CIS 120: SpellChecker

All modern word processors, along with increasingly many other programs, have a built in spell check function that allows even the worst typist some level of efficiency. To complete this homework you will be coding a rudimentary spell check program based on a dictionary and list of corrections for misspelled words.

xkcd: Duty Calls

A few notes before we begin:

If you have created your project correctly, it should look like this in the Package Explorer.

Recall: I/O and Collections

This homework is designed for you to gain practice with Java I/O (see java.io) and the Java Collections Framework (see java.util). The I/O package is very large with lots of different classes to choose from -- we recommend taking a look at the following interfaces and classes:

Input
Output
Collections

*Scanner is technically in java.util (not java.io) because it implements the Iterable interface.

Step 0: A High Level Look

In order to create our spellchecker, we will create the following classes:

  1. TokenScanner- parses files and break them up into token (words and nonwords)
  2. Dictionary- parses a text file and creates a list of words in the dictionary
  3. FileCorrector and SwapCorrector- passed in an incorrect word and suggests possible corrections from a dictionary.
  4. SpellChecker- links the TokenScanner, Dictionary and Corrector in order to interactively spellcheck a document.

In addition to the provided files described above, we also provide several test classes (DictionaryTest, TokenScannerTest, etc.) and sample text files to run your code with.

This diagram depicts how these files interact:

SpellCheck assignment flowchart

Step 1: Breaking Files into Tokens

File to submit: TokenScanner.java and MyTests.java for test cases

Like the Histogram demo from lecture, we will first start with a helper class for reading words in a file. The purpose of this class, which implements the Iterator<String> interface, is to read the input file and split it up into strings, called tokens.

There are two sorts of tokens: words and non-words. Word tokens only contain word characters. Nonwords do not contain any word characters. (A word character is either a letter (see Character.isLetter) or an apostrophe.) Given an input stream of characters, the TokenScanner should alternate between producing words and nonword tokens from the input.

File Contents Expected Tokens
They aren't brown, are they? "They" " " "aren't" " " "brown" ", " "are" " " "they" "?"
It's time
2 e-mail!
"It's" " " "time" "\n2 " "e" "-" "mail" "!"

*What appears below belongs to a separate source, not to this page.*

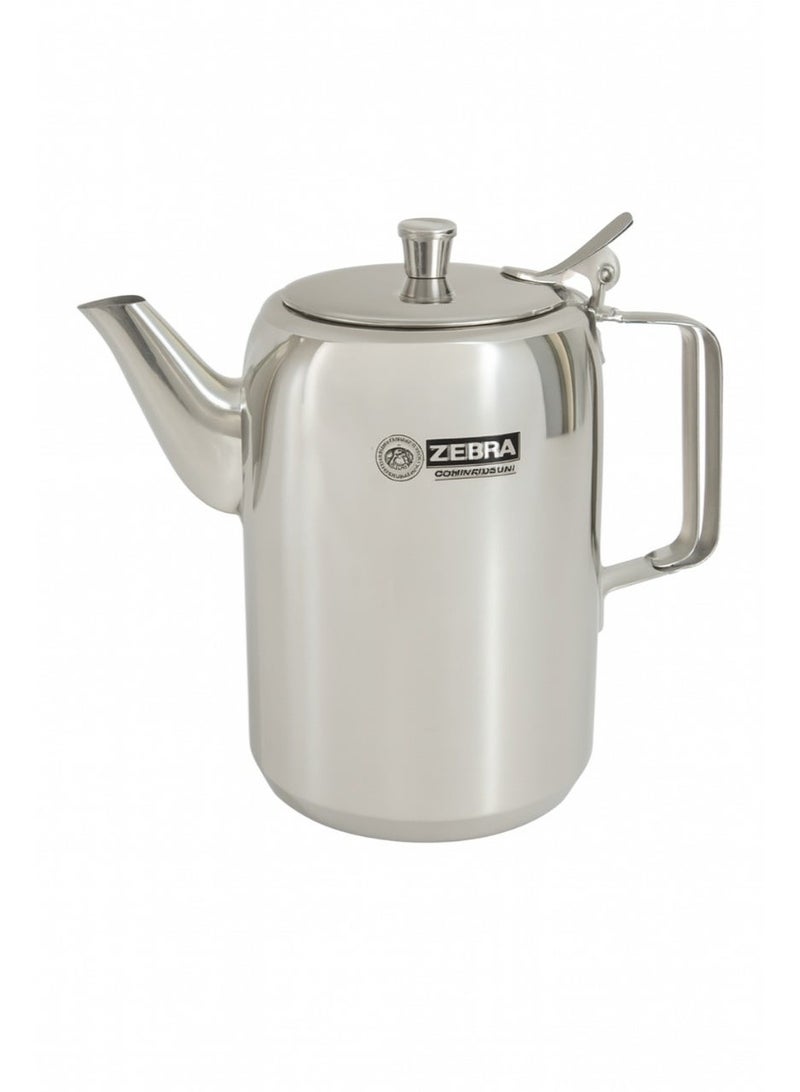 ZEBRA 📌 Zebra Stainless Steel Coffee & Tea Pot (Bukraj) – Timeless Elegance |1//1.5//2//2.5  Liters - Image 2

A few things worth pointing out:

The class TokenScanner, because it implements the Iterator<String>, must provide the following (be sure to brush up on the javadocs):

1.1 Add tests

Read the TokenScanner javadocs, and then open up TokenScannerTest.java and examine the provided test case.

Before you start your implementation, you should add more unit tests for this class to MyTests.java to exercise all of the intended behavior. What tests should you add? Think about various situations that could occur for your token scanner.

  • The input is empty.
  • The input contains a single word token.
  • The input contains a single non-word token.
  • The input contains both word tokens and nonword tokens, and ends with a word.
  • The input contains both word tokens and nonword tokens, and ends with a nonword.
Make sure you create many unit tests. It is very easy to introduce an infinite loop in the implementation of TokenScanner, and you want to find out about such bugs before you continue to the remainder of the assignment.

1.2 TokenScanner.java

Next, implement TokenScanner so that it passes your tests. Note that the constructor is allowed to throw IOExceptions, but the next method should catch them and throw NoSuchElementException so that it conforms to the Iterator signature.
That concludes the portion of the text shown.